§ **Raw data**:

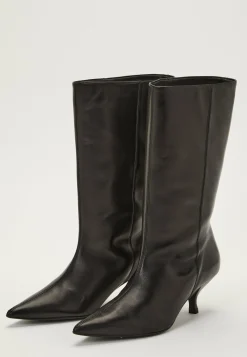 Heeled Mid Knee Leather Boot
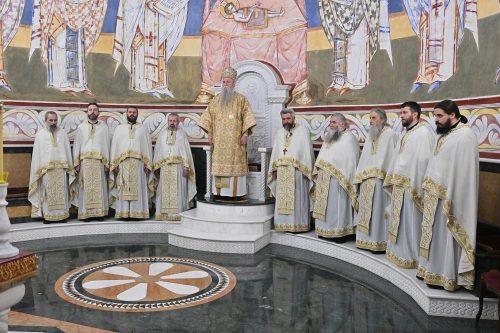 Read more about the article Бадњи дан прослављен у Саборном храму Светог Јована Владимира – Богослужио Митрополит Јоаникије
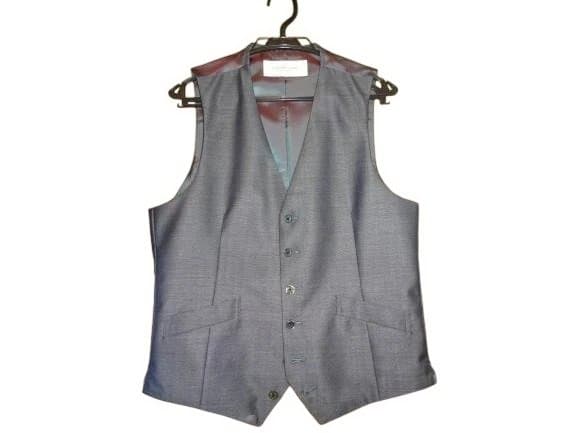 TK_yy様売約済【極美品】グレー無地シングルスリーピーススーツMサイズ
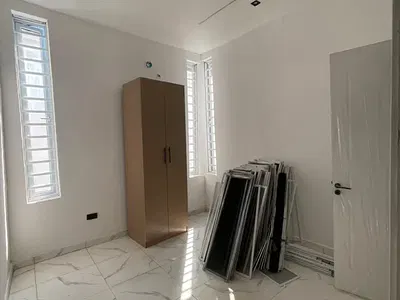 Luxury 3-Bedroom Detached Duplex with Excellent Facility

§ **Action item**:
Only the lines from the one containing "Read more about" through the end of the listing should be output, word for word and inclusive; keep pictures out.

§ **Reply to the task**:
 Read more about the article Бадњи дан прослављен у Саборном храму Светог Јована Владимира – Богослужио Митрополит Јоаникије
 TK_yy様売約済【極美品】グレー無地シングルスリーピーススーツMサイズ
 Luxury 3-Bedroom Detached Duplex with Excellent Facility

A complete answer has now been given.